八戸市内に在住されている女性の方から、エネファームに関する相談が寄せられた。エネファームとは、都市ガスを使って水素を発生させ、それを空気中の酸素と反応させて発電し、同時に発生した熱を給湯などに利用するシステムであり、いわば燃料電池を使った家庭用のコージェネレーション・システムである。今年の春に自宅を新築した女性が、エネファームを導入して以来、めまいや耳鳴りに悩まされるようになり、一事は、エネファームの発電ユニットを切ったことにより症状は改善したが、最近また、めまいなどを感じるようになったため、原因を知りたいということで相談が寄せられたものである。
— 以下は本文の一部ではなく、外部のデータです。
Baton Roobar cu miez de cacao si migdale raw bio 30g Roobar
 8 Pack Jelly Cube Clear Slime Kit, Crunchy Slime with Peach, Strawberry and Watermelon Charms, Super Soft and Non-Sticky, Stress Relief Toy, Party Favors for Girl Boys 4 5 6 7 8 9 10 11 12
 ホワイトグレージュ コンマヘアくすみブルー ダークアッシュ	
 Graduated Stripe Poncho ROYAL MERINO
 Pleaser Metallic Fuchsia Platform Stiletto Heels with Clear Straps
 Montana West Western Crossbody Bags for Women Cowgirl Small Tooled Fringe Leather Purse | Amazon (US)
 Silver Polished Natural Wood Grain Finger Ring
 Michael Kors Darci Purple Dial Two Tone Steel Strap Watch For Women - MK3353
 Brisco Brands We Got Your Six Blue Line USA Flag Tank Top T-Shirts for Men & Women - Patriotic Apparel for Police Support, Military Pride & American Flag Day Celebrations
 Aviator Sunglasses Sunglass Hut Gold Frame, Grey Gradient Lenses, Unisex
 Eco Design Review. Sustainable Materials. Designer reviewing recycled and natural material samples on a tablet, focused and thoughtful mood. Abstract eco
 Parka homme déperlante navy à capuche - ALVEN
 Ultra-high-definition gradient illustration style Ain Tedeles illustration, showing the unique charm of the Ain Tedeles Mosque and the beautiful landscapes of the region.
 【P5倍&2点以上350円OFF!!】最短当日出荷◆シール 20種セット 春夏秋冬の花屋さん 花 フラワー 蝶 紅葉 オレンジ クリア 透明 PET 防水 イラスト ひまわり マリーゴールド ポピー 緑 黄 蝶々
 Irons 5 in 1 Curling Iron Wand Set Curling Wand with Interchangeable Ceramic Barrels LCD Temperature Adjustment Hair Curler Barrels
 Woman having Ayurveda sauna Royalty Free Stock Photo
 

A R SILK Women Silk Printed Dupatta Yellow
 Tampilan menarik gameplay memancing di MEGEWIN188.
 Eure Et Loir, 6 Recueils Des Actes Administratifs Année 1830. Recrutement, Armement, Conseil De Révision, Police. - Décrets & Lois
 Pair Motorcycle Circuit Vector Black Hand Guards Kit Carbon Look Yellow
同様の事例ではエコキュート問題が有名である。エコキュートとは、エアコンなどの空調機に用いられているヒートポンプ技術を利用したもので、電気を使って空気の熱を採取してお湯を沸かす電気式の給湯機である。ヒートポンプの冷媒として二酸化炭素を使用しているため環境負荷が小さく、深夜電力を使って運転貯湯すれば経済的であるため、電力会社等が2000年後半ぐらいから普及に力を入れ、現在は5百万台以上が使われていると言われている。ヒートポンプは圧縮式冷凍機の一種であるためコンプレッサーを備えているが、これが高圧力であるため低周波騒音を発生すると言われており、消費者庁の調べでは全国で80件以上の相談件数があるとのことである(朝日新聞、2016/12/20)。既に和解が成立しているものの、前橋地裁高崎支部では騒音訴訟も発生していた。
新聞によれば、エネファームでも同様の相談が寄せられているということであった。エコキュートは電気業界が、エネファームはガス業界が普及に力を入れている分野であるが、どちらも、低周波騒音の問題を抱えているということだ。このような状況でもあり、今回の相談事例については低周波騒音の測定を実施することとした。八戸市在住の市民からの相談ということで、無料の騒音測定である。日時を決めて、業者の人の立会いの下で低周波騒音計を用いて測定を行った。条件は、エネファームの完全停止時、バックアップ熱源だけの運転時、およびエネファームの発電時の3ケースである。
低周波騒音に関しては、環境省が「低周波音問題対応のための「評価指針」」というものを発表している。その中で、感覚的な閾値として、G特性音圧レベル(騒音レベルのA特性のようなもの)で92dBという値と、10Hzから80Hzの1/3オクターブバンドレベルを対象として、10Hzで92dB、20Hzで76dB、40Hz57dB、80Hzでは41dBという一連の値が示されており、一応、これ以下なら心身に対する影響はないという評価値を示している。ただし、これはあくまで苦情等の原因が低周波数かどうかを判断するための参照値であって、決して基準値ではないといのが環境省の立場である。一方で、このような値を被害の有無の基準にすべきではないという反論もあるが、現実的にはこれが一つの判定基準値となっていることは間違いない。
八戸市の苦情宅の低周波騒音の測定結果は、G特性で言えば、完全停止時が65dB、バックアップ熱源のみ運転時は63dB、発電機稼働時は68dBであった。上記の環境省の参照値と比べれば、いずれも全く問題のない数値であった。バックアップ熱源運転時が、完全停止時より小さい値となっているのは測定時の暗騒音の影響であり、どちらにしても全く問題はない。1/3オクターブバンドレベルで見ても殆ど明確な差は見られなかったため、バックアップ電源稼働自体については何の問題もないことは明らかであった。
発電時の低周波騒音に関しては、3dBという有意なレベル差が認められたが(2回測定したが同じ結果)、1/3オクターブバンドの10Hzから80Hzの範囲のレベルでは個々の周波数で若干の差が見られただけであった。ところが、1Hzから8Hzまでの超低周波数領域のレベルでは、発電時には、バックアップ電源だけの場合に比べて30dBから20dBの大幅な増加が見られた。具体的に言えば、1Hzでは44dBが73dBに、5Hzでは45dBが64dBに、8Hzでは47dBが63dBに増加していたのである。これらが身体的にどの程度の影響があるのかは現時点では何とも言えず、機種の違いの差や、個人差も考えれば、確定的な評価は困難としか言いようがない。しかし、何の音の知識もない家庭の主婦が、めまいや耳鳴り、酷いときには吐き気も催したというのは厳然とした事実であり、それを考えると、エネファームによって1Hz~10Hzという超低周波数の騒音が発生し、それが人体に影響を与えていたのは否定できない事実のように思える。
エコキュートやエネファームの低周波騒音問題の記事はよく目にするが、音圧レベルやG特性値などの具体的なデーターが示された論文や報道が殆どないため、どのように判断したらよいのか迷うことも多かったが、改めて、これはやはり重要な騒音問題だと実感した思いであった。